- Supreme Court of the United States

Argued March 17, 1980 Decided June 20, 1980
- Full case name: Consolidated Edison Company of New York, Incorporated v. Public Service Commission of New York
- Citations: 447 U.S. 530 (more) 100 S. Ct. 2326; 65 L. Ed. 2d 319; 1980 U.S. LEXIS 6; 6 Media L. Rep. 1518; 34 P.U.R.4th 208

Case history
- Prior: 402 N.Y.S.2d 551 (N.Y. Sup.Ct. 1978); reversed, 407 N.Y.S.2d 735 (N.Y. Sup.Ct.App.Div. 1978); affirmed, 390 N.E.2d 749 (N.Y. 1979)
- Subsequent: On remand, reversed and remanded, 413 N.E.2d 365 (N.Y. 1980)

Holding
- The First Amendment, as applied through the Fourteenth, protects the right of utility companies to include inserts on matters of controversial public policy with billing statements.

Court membership
- Chief Justice Warren E. Burger Associate Justices William J. Brennan Jr. · Potter Stewart Byron White · Thurgood Marshall Harry Blackmun · Lewis F. Powell Jr. William Rehnquist · John P. Stevens

Case opinions
- Majority: Powell, joined by Burger, Brennan, Stewart, White, Marshall
- Concurrence: Marshall
- Concurrence: Stevens
- Dissent: Blackmun, joined by Rehnquist (parts I, II)

Laws applied
- U.S. Const. amend. I; N.Y. Pub. Serv. Law §§ 4, 5, 65, 66

= Consolidated Edison Co. v.

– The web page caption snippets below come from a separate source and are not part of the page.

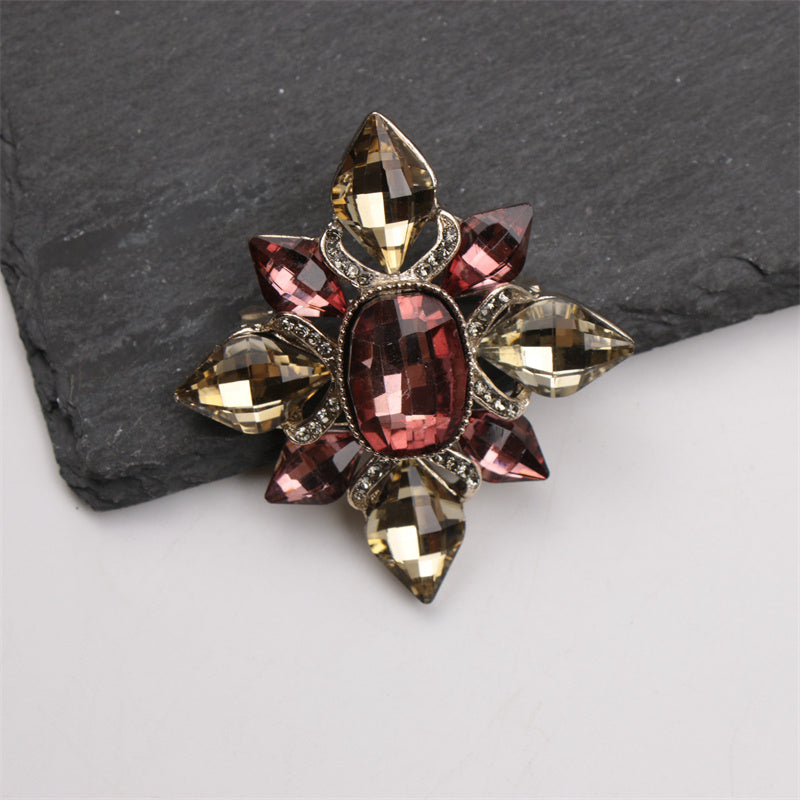 Women's Rhinestone Brooch Pin - Baroque Style Irregular Alloy Jewelry for Dresses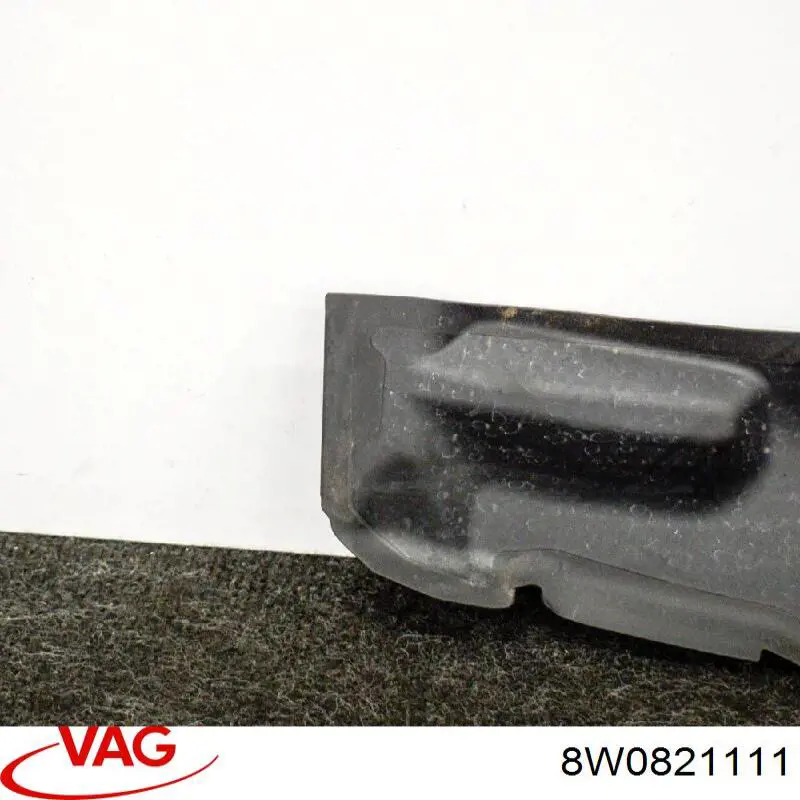 Sellado de guardabarros 8W0821111 VAG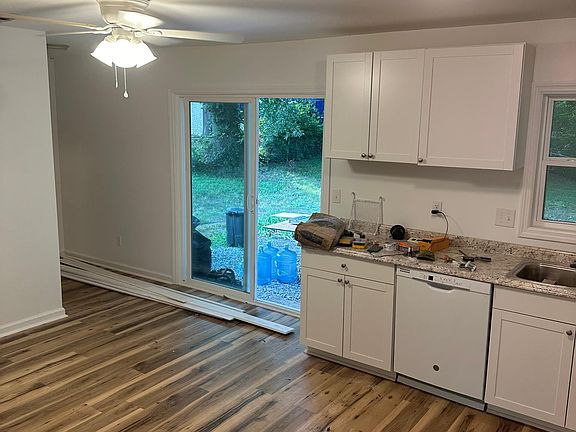 5th image of 6818 Woodcock Ln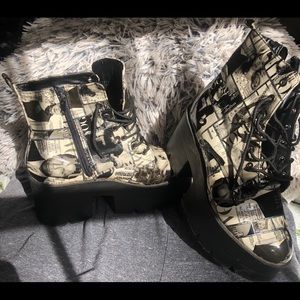 Platform Lace up boots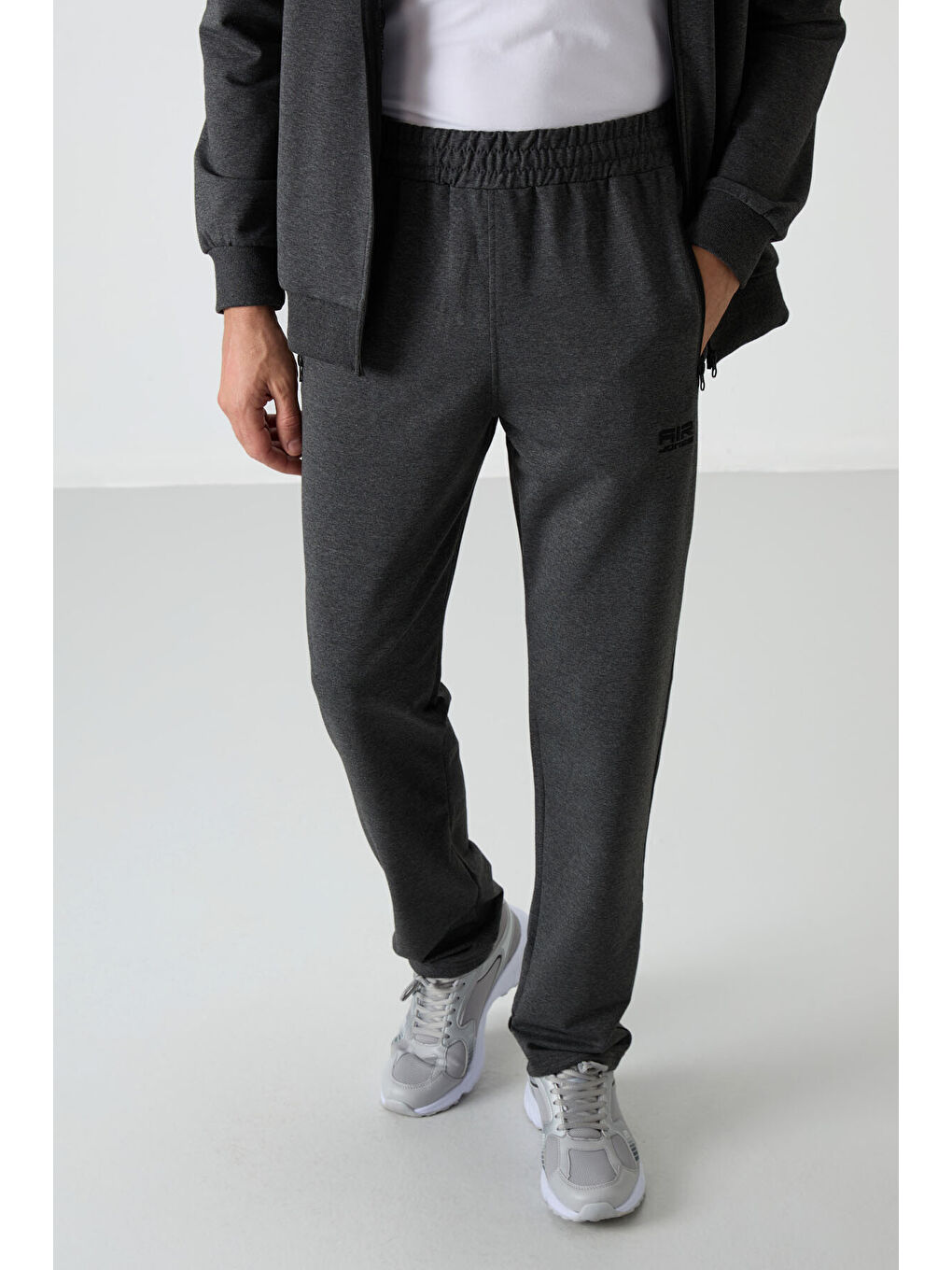 Troy Antrasit Melanj Dik Yaka Fermuarlı Standart Kalıp Erkek Eşofman Takım - 85196-3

Public Service Commission =

Consolidated Edison Co. v. Public Service Commission, 447 U.S. 530 (1980), was a United States Supreme Court decision addressing the free speech rights of public utility corporations under the First Amendment. In a majority opinion written by Justice Lewis Powell, the Court invalidated an order by the New York Public Service Commission that prohibited utility companies from including inserts on controversial matters of public policy with billing statements.